Scotland’s culture secretary has slammed a "hardcore" performance work which received over £100,000 in taxpayer's money.

Billed as an “erotic journey through a distinctly Scottish landscape,” Rein by Leonie Rae Gasson aimed to “push the boundaries of what it means to create and show dyke sex on screen".

Research and development for the project included a video involving three performers “set in a cave where the characters could riotously hump, languidly lick, and shake their manes.”

Details of the Creative Scotland funded show were made public over the weekend in the Sunday Post, sparking outrage.

Following the outcry, the arts agency said it was reviewing the funding because the content was “considerably more explicit than was indicated in the application”.

READ MORE: Creative Scotland to review public funding for 'hard core' sex film

Angus Robertson said he could “see no way where what has been described should be in receipt of public funding".

The project was awarded £23,219 in lottery funding through Creative Scotland in August 2022 for research and development and then £84,555 through the agency’s Open Funding round in January,

According to the website, Rein was to be a “45 minute, multi-screen, immersive, moving image installation” performed by a mix of “dancers, sex workers, performers".

Audiences would be invited to “come see the Daddies lurking in the woods” and “bare arsed lovers frolicking in long grass” before the climax of the show, “a secret cave sex party featuring a feast” of explicit sexual practices.

The website explained that on traditional film sets, "sex is usually ‘simulated’ - performers wear modesty garments, there are barriers between them, genuine arousal is discouraged/prevented, and there would not be any genital contact."

However, Rein was a "sex positive exploration of dyke sexuality, and we are drawing on a long tradition of pornographic, erotic and radical queer performance work where the sex, in all its messiness and complexity, is allowed to be part of the process like other acts and feelings."

The site went on to say that "any sex that features will not be simulated but performed by cast members, with the support of the intimacy coordinators and access and care team.“

Ms Gasson was looking for performers with experience in “sex work, particularly in porn contexts” or “physical theatre or dance.”

There was also a call for “deaf, disabled, chronically ill and neurodivergent performers”

There would be a week's rehearsal before a “one day shoot in a studio in Glasgow, and a one day outdoor shoot in the Highlands.”

The audition notice said some roles would “involve just snogging, others will involve vanilla sex and others more hardcore acts”.

READ MORE: Holyrood committee warns culture funding crisis 'has not abated'

Speaking in Holyrood, Mr Robertson said he shared the concerns raised about the project.

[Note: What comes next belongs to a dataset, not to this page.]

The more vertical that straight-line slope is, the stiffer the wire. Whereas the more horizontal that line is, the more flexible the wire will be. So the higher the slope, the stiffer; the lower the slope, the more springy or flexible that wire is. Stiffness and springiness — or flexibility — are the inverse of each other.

“I can see no way where what has been described should be in receipt of public funding.

"As members are aware, the Scottish Government has no role in the decisions of Creative Scotland for the funding of individual projects.

"However Creative Scotland are, I understand, rapidly reviewing this allocation as they have been clear that what has been reported simply does not meet what the funding was applied for.”

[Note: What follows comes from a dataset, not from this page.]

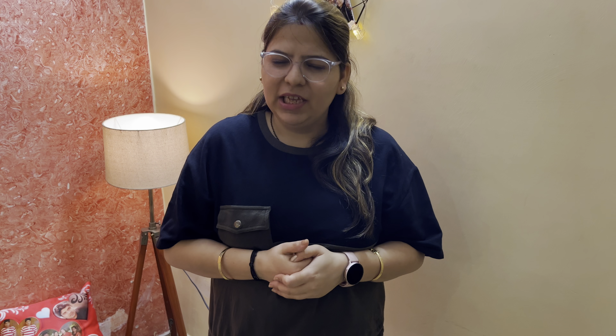Hey everyone, welcome back to our channel, Bawarji by Chance BBC. I am Divya, your host. During summers, we have very bad cravings. For those cravings, I will give you two refreshing summer drinks, which are virgin mojito and watermelon mojito. Let's start the recipes.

Labour’s Neil Bibby, who tabled the topical question in Parliament, said the money awarded to Rein should be “clawed back” by the arts quango.

He told MSPs the show was attempting to “recruit vulnerable people including the disabled at £300 a day to participate in sex acts so extreme they would be provided with psychological aftercare.”

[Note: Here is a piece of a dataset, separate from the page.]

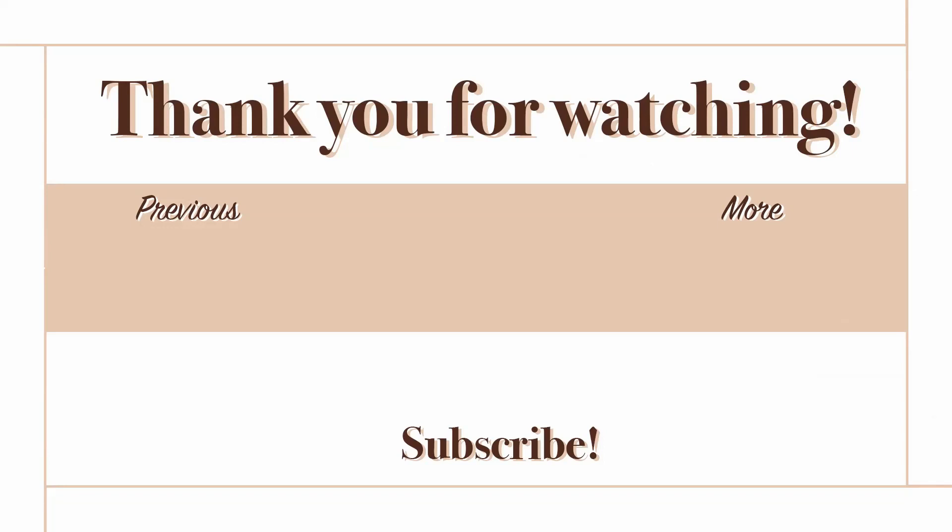Doesn't that just feel so good? If you want that full workout and hundreds more, definitely check us out at Total Body Transformation — it is absolutely the place to be. I've got something for you today: if you haven't already gotten my free cheat sheet, this is your sign to do it. Click on the I or down in the description bar. This is where I bundled up my 25 years of experience as a personal trainer so you can get fit fast, feel better, look better at any age and stage of life. Make sure to check out the next video and I'll see you over there!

Mr Bibby added: “It has been reported that the filming was to involve live sex acts to be done in outdoor public places in the highlands.

"There are clearly questions to be answered not just about the appropriateness of what was planned with public funds, but also the legality.

"Does the Minister agree that this should be examined and more generally there should be a review of funding criteria and new guidance issued for future applications so this cannot be allowed to happen again?”

Mr Robertson said he had “absolutely no doubt that these proceedings are being watched closely by Creative Scotland.”

He told parliament the funding body was conducting a review and that he would share the conclusions with MSPs.

Scottish Tory deputy culture spokesman Alexander Stewart said: “Angus Robertson appears happy to pass the buck to Creative Scotland but serious questions remain over this use of taxpayers’ cash.

“There is no excuse for the initial funding application not being published in full and for the SNP’s Culture Secretary to demand that the organisation do so.

“It is crystal clear that it was deeply inappropriate that public money was awarded for this film.

“As part of their review, Creative Scotland must urgently guarantee that this sort of award will never happen again.”

A Creative Scotland spokeswoman said at the weekend: “We support freedom of expression and artists being able to push the boundaries of radical performance.

“However, the project, Rein, is considerably more explicit in its execution than was indicated in the application received to our Open Fund.

“As such, we are reviewing this award and will be discussing next steps with the applicant and with the other partners in the project.”

Ms Gasson has been approached for comment.